Devlet sarsılmadı, iktidar sarsılmadı, muhalefet sarsılmadı, toplum sarsılmadı. Hatta muhafazakârı, milliyetçisi, ulusalcısı, İslamcısı, lümpeni hızla kol kola girip, “ama canım teröristler de” diye başlayan cümlelerle, hep beraber üşüştüler acılı insanların üstüne.
“Tek yürek” oldular Erdoğan’ın “sivil deyip durmayın, kaçakçı onlar kaçakçı” sözüyle.

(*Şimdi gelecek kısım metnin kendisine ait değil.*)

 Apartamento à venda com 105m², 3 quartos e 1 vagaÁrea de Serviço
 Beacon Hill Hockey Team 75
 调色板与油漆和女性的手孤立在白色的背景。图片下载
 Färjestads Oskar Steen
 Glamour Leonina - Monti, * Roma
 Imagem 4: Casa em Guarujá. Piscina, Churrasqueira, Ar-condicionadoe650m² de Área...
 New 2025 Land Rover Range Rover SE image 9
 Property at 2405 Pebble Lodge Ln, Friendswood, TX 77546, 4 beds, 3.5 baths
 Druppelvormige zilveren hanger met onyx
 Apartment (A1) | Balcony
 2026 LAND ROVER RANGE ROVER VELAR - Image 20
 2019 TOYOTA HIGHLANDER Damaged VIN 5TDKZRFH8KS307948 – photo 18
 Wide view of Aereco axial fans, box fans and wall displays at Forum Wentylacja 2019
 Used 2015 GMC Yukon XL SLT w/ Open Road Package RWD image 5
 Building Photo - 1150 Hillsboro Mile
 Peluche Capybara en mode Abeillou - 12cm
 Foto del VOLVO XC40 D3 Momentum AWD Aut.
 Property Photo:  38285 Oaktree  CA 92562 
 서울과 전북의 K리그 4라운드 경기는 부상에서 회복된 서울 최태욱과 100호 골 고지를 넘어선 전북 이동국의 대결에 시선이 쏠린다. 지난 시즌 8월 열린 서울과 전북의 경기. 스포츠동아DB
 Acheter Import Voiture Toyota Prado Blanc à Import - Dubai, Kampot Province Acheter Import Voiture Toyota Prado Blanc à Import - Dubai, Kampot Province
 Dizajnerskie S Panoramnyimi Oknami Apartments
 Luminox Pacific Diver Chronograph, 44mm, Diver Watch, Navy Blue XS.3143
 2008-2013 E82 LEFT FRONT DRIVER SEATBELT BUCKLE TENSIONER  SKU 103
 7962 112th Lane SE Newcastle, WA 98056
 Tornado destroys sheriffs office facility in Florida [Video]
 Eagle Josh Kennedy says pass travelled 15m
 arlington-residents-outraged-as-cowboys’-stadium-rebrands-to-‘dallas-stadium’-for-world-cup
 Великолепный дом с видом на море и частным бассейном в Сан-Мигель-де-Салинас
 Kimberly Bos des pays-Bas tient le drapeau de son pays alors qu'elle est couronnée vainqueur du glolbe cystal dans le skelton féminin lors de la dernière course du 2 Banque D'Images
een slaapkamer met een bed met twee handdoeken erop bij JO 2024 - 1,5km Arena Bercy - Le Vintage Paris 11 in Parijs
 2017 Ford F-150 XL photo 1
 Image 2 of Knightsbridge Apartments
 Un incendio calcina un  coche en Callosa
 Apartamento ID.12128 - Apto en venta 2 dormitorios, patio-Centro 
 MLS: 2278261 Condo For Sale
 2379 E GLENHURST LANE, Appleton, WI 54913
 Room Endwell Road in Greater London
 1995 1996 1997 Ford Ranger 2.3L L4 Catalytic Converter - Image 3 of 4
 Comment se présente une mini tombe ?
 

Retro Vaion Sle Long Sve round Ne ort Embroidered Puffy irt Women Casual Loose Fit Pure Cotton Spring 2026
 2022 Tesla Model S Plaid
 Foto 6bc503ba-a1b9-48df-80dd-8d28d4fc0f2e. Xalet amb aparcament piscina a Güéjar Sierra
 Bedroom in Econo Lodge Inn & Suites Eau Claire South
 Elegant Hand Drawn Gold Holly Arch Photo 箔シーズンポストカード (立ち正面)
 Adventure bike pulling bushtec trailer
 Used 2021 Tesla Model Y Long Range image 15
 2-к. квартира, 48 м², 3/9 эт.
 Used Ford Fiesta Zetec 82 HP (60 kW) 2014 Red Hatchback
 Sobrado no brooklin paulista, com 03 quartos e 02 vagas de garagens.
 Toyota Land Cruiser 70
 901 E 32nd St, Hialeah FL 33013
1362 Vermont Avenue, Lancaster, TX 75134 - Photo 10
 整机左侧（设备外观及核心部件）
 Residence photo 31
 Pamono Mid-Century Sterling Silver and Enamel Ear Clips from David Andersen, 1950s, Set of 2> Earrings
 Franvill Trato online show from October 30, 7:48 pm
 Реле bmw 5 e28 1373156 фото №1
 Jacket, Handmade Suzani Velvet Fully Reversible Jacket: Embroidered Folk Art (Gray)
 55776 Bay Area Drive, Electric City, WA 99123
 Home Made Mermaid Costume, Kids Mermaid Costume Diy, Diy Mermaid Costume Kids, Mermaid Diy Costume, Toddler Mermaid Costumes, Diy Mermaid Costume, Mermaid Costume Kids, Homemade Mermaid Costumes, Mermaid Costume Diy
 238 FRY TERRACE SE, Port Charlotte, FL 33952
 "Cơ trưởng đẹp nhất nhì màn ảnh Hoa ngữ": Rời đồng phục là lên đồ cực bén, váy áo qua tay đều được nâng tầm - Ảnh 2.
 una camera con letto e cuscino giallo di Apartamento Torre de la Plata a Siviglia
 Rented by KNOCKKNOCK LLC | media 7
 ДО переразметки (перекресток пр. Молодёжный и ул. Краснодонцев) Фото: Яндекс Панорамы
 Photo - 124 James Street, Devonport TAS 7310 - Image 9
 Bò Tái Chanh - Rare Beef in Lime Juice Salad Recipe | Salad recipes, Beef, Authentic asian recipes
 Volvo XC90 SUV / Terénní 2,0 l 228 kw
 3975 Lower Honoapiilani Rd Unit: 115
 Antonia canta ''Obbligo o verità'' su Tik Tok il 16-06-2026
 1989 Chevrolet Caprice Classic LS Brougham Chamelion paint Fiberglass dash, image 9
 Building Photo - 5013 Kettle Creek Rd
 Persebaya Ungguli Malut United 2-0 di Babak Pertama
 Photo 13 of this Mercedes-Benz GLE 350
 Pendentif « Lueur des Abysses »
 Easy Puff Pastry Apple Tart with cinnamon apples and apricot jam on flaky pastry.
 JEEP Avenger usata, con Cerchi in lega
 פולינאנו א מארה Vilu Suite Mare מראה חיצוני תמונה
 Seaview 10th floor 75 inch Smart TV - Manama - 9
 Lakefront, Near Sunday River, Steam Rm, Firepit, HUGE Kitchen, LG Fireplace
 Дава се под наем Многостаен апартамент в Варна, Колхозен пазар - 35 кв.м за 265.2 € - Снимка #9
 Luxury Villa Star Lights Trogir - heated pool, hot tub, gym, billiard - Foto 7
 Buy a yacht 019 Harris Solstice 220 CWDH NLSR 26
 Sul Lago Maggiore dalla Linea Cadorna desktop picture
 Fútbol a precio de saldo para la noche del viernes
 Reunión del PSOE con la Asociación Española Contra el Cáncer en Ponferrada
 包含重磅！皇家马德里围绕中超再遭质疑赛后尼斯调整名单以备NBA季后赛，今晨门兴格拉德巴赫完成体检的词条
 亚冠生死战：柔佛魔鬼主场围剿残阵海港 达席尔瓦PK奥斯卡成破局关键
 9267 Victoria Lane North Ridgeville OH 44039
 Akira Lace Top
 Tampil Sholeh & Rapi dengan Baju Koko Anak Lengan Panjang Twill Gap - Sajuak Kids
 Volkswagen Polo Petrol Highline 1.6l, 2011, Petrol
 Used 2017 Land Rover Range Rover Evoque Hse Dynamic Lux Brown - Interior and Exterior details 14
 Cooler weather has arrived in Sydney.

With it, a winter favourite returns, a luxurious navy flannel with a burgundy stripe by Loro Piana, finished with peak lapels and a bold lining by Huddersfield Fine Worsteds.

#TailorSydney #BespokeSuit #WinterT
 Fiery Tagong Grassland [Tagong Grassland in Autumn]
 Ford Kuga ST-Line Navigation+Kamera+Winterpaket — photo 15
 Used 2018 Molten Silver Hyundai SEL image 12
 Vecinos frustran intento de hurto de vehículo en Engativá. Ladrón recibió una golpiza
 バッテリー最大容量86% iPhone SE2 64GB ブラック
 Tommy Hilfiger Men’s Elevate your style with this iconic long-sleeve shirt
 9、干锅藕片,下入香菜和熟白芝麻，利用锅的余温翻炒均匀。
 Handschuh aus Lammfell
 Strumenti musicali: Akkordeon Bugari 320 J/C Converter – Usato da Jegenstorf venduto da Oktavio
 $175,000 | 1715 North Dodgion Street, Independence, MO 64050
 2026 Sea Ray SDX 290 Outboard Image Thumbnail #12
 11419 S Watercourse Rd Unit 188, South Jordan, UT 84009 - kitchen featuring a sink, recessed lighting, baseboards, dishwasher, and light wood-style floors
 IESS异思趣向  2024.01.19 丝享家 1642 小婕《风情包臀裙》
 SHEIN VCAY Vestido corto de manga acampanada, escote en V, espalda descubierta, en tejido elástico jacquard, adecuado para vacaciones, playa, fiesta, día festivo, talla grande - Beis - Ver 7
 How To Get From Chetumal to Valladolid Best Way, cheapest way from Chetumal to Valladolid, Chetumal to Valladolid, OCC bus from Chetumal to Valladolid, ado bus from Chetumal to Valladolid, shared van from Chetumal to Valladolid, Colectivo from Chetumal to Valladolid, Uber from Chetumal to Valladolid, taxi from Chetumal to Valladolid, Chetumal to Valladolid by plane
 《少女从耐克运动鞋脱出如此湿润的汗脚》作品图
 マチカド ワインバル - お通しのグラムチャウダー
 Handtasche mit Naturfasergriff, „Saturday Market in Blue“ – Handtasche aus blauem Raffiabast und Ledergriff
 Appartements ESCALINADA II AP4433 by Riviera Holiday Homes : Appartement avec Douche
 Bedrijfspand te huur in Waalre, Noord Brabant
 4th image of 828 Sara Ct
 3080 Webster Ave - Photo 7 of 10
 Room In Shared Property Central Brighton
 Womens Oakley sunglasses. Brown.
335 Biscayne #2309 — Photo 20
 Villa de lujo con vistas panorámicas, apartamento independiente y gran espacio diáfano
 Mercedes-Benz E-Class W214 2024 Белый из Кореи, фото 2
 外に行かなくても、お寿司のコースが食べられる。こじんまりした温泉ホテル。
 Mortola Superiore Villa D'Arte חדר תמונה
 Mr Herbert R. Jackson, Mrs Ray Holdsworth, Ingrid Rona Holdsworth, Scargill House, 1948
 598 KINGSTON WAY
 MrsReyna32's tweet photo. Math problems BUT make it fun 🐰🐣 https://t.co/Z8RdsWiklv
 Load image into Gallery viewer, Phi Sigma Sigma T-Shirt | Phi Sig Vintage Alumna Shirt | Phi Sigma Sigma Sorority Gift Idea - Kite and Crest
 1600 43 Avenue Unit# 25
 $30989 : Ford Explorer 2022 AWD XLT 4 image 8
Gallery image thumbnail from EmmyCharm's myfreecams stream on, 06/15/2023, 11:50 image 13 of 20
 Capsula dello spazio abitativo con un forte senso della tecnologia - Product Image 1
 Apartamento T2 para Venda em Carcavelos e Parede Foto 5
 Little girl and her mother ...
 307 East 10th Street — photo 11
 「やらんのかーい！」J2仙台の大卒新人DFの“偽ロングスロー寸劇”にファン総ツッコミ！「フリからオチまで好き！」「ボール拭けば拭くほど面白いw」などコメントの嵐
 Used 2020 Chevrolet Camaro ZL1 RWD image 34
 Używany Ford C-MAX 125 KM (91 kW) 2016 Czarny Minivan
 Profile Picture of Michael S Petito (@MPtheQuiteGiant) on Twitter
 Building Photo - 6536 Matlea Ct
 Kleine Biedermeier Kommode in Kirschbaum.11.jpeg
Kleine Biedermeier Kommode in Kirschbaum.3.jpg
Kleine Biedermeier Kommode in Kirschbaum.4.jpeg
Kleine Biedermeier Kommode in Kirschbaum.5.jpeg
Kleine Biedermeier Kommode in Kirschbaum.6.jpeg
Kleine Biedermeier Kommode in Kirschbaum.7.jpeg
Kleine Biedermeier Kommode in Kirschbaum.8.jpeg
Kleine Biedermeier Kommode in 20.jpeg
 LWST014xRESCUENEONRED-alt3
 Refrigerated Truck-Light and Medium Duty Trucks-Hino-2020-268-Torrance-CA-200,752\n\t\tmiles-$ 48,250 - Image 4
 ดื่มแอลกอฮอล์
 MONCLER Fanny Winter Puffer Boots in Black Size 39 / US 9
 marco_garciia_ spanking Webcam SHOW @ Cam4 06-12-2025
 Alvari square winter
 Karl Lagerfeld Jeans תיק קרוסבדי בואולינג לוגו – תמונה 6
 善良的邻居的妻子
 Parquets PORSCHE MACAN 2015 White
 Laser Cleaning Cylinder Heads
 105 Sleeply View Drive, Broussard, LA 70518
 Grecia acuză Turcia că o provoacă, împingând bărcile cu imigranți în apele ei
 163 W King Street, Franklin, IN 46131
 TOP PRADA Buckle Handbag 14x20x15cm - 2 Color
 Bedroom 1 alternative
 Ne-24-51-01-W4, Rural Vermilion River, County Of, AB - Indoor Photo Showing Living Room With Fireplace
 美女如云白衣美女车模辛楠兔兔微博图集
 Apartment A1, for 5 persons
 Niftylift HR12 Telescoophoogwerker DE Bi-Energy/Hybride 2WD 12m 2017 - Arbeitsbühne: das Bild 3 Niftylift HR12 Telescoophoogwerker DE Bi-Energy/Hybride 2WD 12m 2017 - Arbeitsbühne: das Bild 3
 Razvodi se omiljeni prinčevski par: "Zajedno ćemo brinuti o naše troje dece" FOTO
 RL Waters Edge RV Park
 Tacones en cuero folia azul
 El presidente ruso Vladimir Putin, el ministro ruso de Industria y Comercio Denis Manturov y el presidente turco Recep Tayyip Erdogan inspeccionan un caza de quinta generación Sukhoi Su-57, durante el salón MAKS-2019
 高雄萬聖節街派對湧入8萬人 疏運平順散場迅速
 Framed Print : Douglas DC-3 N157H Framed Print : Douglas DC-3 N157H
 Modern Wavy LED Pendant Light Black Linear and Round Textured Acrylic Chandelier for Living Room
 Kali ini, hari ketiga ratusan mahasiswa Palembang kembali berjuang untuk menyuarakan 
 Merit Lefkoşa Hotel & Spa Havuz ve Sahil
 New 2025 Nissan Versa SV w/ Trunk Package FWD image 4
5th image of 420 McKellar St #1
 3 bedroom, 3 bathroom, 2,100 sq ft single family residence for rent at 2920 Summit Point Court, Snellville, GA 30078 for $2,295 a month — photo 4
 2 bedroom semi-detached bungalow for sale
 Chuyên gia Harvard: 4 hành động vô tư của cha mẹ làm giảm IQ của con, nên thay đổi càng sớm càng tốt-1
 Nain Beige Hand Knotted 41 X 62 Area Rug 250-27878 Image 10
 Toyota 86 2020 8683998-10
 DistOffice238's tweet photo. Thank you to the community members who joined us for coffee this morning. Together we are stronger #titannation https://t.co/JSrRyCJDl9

“Emri ben verdim” diyen öteki sesi geldi sonra. Bağıra, bağıra “emri ben verdim” diyen o ses, devlete aitti ve herkese, neyi, ne kadar ve hangi çerçevede konuşması gerektiğinin ayarını veriyordu. Suç, “tek yürek” oldu elbette. “Teröristlerin ekmeğine yağ sürmeyelim“ciler türedi sonra. Gazeteler, televizyon programları “kaçakçı ” ve “terör” uzmanlarıyla doldu taştı. Geriye, “Bahoz Türkiye’ye giriş yapacaktı” denen bir tını kaldı ve o tını hala algıların içinde dolanıyor.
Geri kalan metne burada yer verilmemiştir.